# Raw data
--------
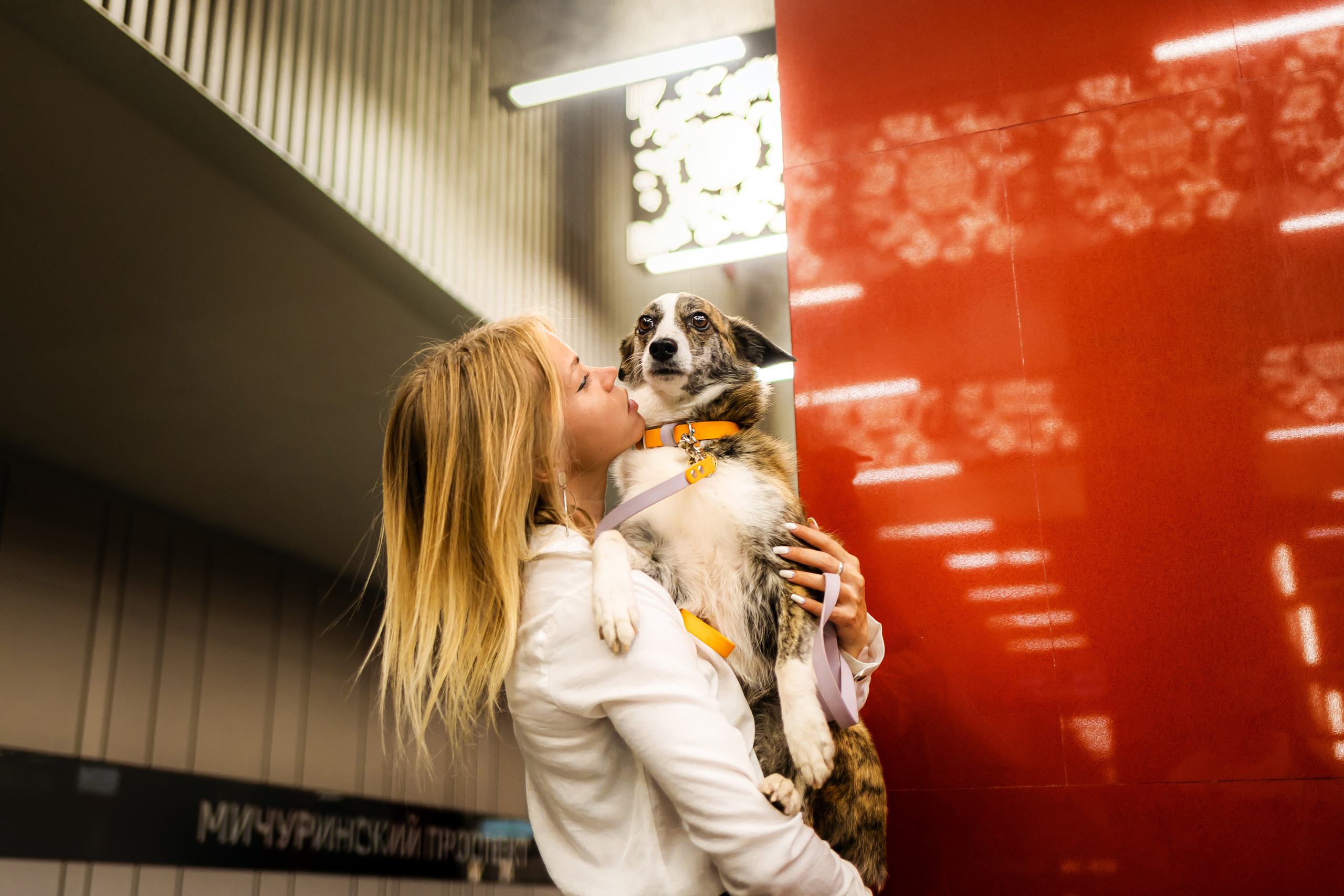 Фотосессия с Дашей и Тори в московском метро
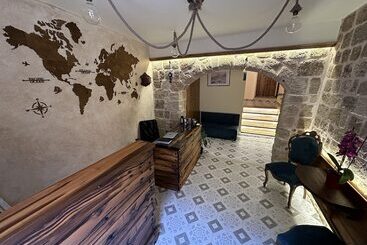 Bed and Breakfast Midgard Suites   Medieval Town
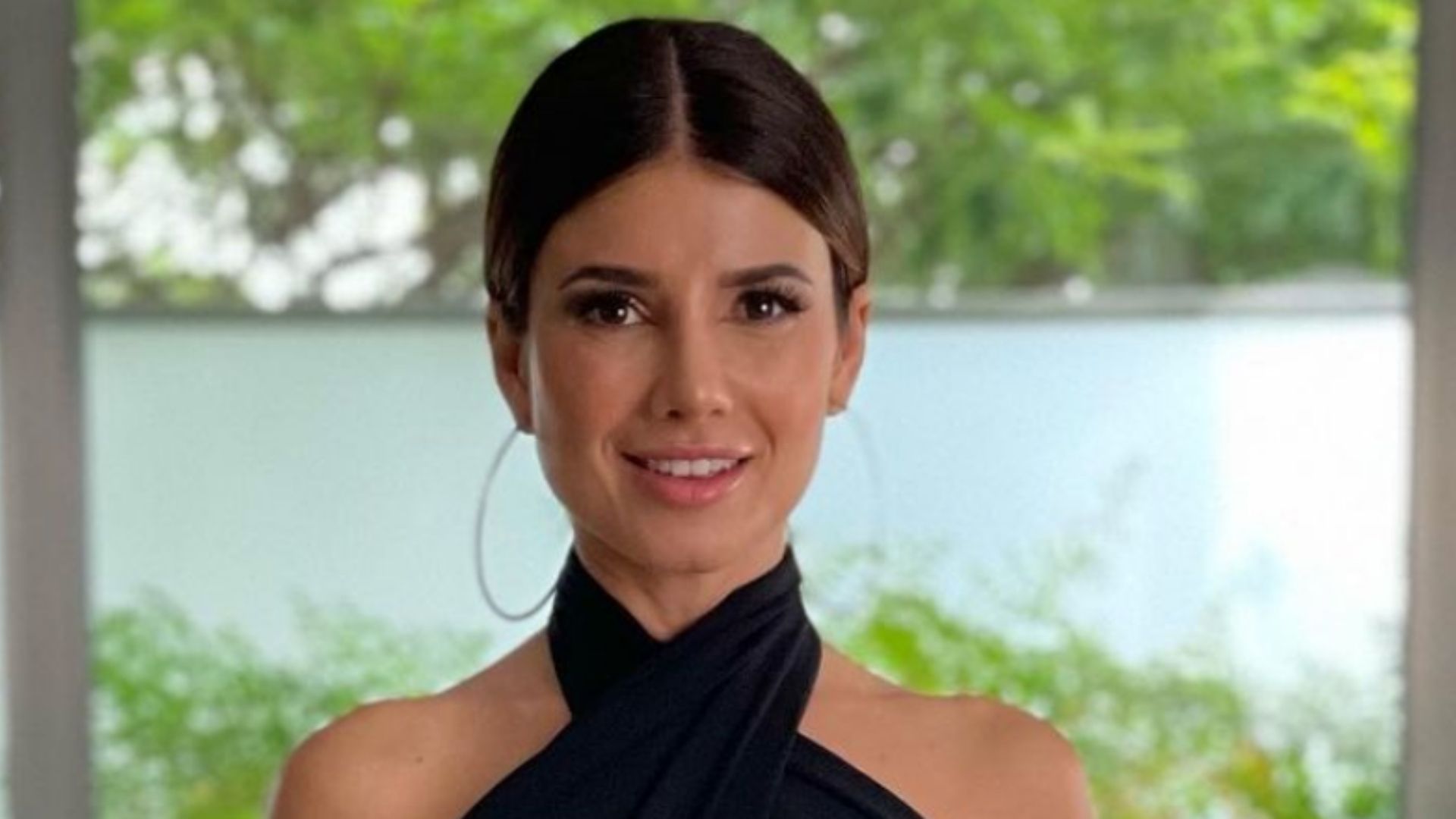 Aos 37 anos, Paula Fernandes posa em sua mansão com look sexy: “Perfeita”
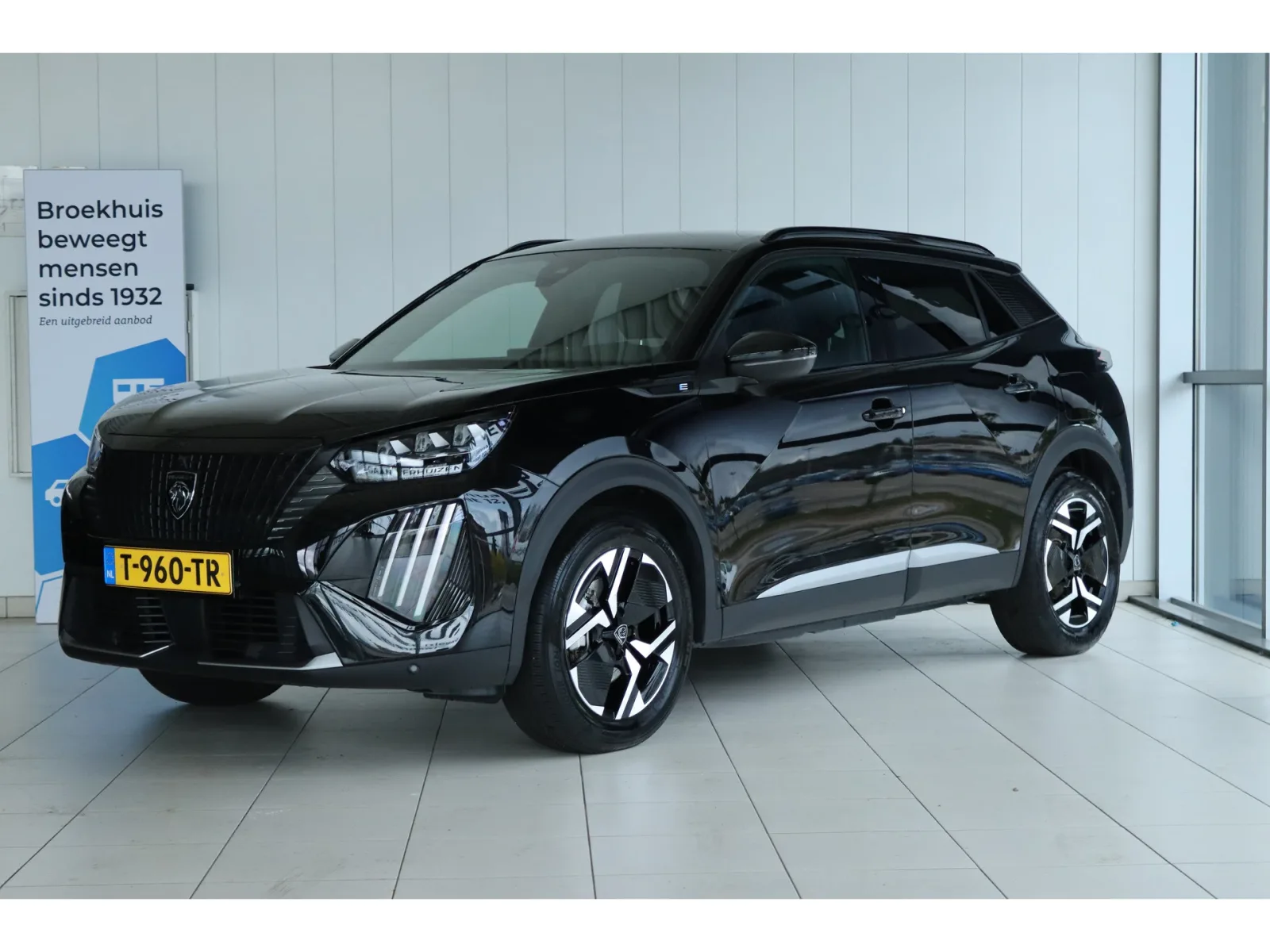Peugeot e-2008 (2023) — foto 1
--------
# What to produce
Print verbatim every line above, apart from the pictures.

# Solution to this problem
 Фотосессия с Дашей и Тори в московском метро
 Bed and Breakfast Midgard Suites   Medieval Town
 Aos 37 anos, Paula Fernandes posa em sua mansão com look sexy: “Perfeita”
Peugeot e-2008 (2023) — foto 1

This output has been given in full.